Si la continuité est de mise chez Carlos Reygadas, mêlant une nouvelle fois paysages et désamours, Nuestro tiempo induit toutefois une véritable évolution au sein de son œuvre : bien plus bergmanien que malickien, dans un style plus maîtrisé et moins abstrait que dans Post Tenebras Lux, il renouvelle avec force l’une des thématiques les plus usitées de notre temps, celle de la crise conjugale.
Habituellement circonscrite au sein d’un huis clos familial, elle prend cette fois-ci la forme d’une véritable tempête, parcourant aussi bien ce ranch perdu au cœur du Mexique que le cœur perdu de Juan, responsable et témoin impuissant de la lente déliquescence de son couple. Certes les ingrédients qui la composent sont connus de tous – rancœur, jalousie, non-dits, etc. - mais la mise en scène de Carlos Reygadas rend son spectacle fascinant : en s’adossant à la matière ou au tellurique, en faisant de la nature et du monde bovidé un habile contrepoint, il parvient véritablement à matérialiser les atermoiements et l’ambiguïté des Hommes.

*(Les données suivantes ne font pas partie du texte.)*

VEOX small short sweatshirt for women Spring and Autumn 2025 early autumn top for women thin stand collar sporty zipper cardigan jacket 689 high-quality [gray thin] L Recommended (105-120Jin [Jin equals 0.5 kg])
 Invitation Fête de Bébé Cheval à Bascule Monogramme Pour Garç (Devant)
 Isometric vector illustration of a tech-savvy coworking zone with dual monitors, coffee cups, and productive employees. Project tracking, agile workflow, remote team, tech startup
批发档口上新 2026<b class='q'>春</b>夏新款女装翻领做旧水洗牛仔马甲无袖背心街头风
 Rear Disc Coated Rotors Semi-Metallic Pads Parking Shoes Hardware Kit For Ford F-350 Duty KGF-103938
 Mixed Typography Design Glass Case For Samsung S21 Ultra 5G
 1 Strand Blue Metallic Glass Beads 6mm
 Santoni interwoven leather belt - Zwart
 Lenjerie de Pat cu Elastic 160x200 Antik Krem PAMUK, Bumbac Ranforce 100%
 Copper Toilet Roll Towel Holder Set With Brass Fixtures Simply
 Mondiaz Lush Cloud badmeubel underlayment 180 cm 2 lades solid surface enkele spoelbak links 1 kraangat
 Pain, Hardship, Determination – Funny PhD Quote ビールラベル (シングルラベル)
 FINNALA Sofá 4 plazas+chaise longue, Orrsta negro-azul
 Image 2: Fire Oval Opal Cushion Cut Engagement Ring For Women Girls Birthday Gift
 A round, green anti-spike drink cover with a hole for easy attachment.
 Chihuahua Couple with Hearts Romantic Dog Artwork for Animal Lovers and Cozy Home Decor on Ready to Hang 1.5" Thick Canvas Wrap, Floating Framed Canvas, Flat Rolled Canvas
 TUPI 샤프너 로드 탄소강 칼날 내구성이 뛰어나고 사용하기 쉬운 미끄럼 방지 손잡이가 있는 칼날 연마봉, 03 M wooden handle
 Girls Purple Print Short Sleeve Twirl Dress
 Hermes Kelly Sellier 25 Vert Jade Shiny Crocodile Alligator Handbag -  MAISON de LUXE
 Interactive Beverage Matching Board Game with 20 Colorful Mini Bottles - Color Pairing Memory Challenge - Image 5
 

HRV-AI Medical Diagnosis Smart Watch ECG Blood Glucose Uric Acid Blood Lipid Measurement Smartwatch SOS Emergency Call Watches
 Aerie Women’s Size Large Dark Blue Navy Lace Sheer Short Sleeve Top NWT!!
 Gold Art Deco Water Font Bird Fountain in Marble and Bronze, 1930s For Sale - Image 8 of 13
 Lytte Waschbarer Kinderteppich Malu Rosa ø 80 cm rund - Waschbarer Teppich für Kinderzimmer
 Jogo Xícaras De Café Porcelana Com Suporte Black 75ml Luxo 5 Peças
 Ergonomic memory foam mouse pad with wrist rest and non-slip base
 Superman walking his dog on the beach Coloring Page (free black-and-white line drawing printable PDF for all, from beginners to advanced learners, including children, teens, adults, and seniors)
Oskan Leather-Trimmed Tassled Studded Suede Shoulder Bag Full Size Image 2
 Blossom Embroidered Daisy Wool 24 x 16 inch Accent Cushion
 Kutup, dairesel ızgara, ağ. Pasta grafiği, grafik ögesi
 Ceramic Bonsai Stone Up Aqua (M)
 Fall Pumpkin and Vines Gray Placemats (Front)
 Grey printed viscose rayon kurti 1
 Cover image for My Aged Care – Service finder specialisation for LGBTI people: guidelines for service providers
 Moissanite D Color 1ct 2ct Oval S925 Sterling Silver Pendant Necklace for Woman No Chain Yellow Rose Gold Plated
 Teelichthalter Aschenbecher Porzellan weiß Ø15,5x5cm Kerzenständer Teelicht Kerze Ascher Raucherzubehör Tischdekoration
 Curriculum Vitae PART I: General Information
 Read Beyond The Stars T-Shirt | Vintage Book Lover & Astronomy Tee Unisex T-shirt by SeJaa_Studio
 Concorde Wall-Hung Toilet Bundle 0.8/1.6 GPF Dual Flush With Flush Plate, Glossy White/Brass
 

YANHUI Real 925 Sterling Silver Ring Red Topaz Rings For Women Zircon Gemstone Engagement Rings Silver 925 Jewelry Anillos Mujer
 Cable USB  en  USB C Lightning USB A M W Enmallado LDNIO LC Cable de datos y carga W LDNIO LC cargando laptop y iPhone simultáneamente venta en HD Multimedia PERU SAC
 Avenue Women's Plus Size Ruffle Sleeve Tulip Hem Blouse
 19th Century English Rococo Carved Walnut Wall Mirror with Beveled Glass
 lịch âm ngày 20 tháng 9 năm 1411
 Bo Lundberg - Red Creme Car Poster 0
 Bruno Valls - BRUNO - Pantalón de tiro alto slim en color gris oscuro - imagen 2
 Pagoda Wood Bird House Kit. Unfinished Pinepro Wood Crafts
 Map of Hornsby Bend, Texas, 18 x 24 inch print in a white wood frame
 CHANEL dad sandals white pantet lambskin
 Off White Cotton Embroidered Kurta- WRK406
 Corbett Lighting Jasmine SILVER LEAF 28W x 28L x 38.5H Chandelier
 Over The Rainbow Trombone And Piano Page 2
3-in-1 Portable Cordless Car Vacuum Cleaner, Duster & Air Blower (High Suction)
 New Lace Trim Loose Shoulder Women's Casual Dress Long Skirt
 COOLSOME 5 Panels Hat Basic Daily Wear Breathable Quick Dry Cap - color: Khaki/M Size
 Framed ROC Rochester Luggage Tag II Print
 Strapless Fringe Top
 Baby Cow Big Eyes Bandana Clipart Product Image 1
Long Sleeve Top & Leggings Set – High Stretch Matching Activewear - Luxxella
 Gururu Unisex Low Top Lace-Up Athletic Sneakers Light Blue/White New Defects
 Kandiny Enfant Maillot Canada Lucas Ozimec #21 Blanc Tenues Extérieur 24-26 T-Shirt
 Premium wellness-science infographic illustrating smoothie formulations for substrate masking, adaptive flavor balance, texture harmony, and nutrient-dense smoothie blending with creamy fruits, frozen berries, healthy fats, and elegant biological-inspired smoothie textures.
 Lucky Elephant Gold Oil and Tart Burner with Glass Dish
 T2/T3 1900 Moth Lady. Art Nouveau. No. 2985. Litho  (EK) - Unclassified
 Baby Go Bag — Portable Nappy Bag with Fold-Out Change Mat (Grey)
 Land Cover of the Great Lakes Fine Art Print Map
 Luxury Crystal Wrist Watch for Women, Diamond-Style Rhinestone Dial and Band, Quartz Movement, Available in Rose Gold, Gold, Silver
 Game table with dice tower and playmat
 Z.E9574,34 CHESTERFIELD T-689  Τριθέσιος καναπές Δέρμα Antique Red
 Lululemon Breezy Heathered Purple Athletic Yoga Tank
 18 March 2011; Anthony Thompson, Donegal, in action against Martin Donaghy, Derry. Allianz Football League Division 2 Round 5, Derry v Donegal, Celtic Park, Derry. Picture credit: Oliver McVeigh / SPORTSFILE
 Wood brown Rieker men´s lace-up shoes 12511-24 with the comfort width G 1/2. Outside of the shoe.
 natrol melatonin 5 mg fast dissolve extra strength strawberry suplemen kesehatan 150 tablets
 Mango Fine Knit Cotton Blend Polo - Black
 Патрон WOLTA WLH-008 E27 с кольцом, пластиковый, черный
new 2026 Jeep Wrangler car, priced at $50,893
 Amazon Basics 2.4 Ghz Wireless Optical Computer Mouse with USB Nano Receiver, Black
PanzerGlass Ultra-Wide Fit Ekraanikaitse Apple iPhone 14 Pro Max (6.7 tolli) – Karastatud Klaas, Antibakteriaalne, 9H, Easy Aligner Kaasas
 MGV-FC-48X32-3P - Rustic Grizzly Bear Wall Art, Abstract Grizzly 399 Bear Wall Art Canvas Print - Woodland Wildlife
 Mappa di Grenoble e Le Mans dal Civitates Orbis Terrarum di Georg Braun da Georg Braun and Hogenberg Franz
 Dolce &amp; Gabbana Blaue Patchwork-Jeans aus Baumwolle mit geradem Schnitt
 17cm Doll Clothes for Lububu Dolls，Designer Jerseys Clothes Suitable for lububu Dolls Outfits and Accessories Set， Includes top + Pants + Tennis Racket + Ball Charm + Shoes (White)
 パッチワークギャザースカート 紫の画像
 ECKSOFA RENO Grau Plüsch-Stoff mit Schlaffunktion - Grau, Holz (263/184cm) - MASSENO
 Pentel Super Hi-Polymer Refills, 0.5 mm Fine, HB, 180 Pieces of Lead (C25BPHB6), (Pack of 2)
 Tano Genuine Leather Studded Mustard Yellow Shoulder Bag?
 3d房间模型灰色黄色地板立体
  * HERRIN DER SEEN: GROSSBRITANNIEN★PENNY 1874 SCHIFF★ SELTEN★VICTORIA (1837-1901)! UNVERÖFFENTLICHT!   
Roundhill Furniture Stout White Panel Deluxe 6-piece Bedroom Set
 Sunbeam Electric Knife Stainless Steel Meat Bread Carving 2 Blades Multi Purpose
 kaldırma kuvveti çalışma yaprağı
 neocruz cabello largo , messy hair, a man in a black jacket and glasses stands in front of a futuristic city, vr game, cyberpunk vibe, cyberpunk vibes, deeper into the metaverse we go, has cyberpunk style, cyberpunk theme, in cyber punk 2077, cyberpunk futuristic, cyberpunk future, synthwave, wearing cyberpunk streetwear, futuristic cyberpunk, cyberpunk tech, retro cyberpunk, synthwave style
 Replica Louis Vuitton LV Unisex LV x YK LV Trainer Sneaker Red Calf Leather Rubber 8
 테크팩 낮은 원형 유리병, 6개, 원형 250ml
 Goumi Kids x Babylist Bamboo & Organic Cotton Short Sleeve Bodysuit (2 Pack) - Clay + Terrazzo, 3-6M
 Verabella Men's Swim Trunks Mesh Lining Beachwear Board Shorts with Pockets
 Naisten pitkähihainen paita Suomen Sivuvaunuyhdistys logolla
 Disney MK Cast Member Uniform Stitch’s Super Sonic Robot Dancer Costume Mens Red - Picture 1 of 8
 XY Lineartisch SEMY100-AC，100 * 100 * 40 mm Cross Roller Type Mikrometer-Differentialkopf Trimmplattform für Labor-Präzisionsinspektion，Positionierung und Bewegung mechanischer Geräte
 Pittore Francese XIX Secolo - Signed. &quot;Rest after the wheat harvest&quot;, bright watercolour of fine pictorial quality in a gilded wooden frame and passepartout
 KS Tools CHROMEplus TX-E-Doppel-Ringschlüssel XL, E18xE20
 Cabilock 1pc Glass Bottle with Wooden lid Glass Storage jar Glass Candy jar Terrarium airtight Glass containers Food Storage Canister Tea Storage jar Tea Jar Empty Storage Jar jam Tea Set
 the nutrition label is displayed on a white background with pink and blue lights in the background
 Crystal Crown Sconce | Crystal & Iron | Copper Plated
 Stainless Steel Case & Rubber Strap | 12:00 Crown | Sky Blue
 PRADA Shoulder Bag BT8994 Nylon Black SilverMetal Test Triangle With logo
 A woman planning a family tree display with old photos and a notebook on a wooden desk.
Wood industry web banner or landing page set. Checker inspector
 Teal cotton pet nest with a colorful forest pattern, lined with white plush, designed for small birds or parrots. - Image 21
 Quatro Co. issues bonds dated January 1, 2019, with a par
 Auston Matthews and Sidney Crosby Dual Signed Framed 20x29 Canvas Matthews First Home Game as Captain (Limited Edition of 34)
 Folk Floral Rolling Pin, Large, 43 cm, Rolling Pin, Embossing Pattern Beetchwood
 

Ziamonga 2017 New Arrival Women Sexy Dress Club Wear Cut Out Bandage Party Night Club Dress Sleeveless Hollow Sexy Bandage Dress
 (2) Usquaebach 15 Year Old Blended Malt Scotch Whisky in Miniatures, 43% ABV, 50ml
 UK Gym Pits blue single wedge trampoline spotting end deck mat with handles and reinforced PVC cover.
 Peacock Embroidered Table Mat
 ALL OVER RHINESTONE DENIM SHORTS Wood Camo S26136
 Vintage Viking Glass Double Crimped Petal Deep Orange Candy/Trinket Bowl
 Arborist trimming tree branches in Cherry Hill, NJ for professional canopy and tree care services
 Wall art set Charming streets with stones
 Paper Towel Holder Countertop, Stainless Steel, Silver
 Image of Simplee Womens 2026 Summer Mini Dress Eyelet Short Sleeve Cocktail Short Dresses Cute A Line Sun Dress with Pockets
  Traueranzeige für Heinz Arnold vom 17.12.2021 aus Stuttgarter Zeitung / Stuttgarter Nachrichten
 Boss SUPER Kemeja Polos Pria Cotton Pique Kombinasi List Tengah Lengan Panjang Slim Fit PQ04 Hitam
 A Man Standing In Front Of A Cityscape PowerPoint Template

Dès son ouverture, qui reprend et prolonge celle de Post Tenebras Lux, Nuestro tiempo s’inscrit dans un registre sensoriel en invoquant un retour aux sources originelles : sur l’éden terrestre, vivent en symbiose hommes et femmes, enfants et adultes, maîtres et serviteurs. Baignant tous dans une même eau boueuse, enfants et adolescents séduisent, vivent et touchent du doigt un instant de bonheur. Tandis que sur la terre ferme, ouvriers et patrons se toisent, s’opposent, s’affrontent tacitement. Le bonheur, pour eux, semble déjà loin.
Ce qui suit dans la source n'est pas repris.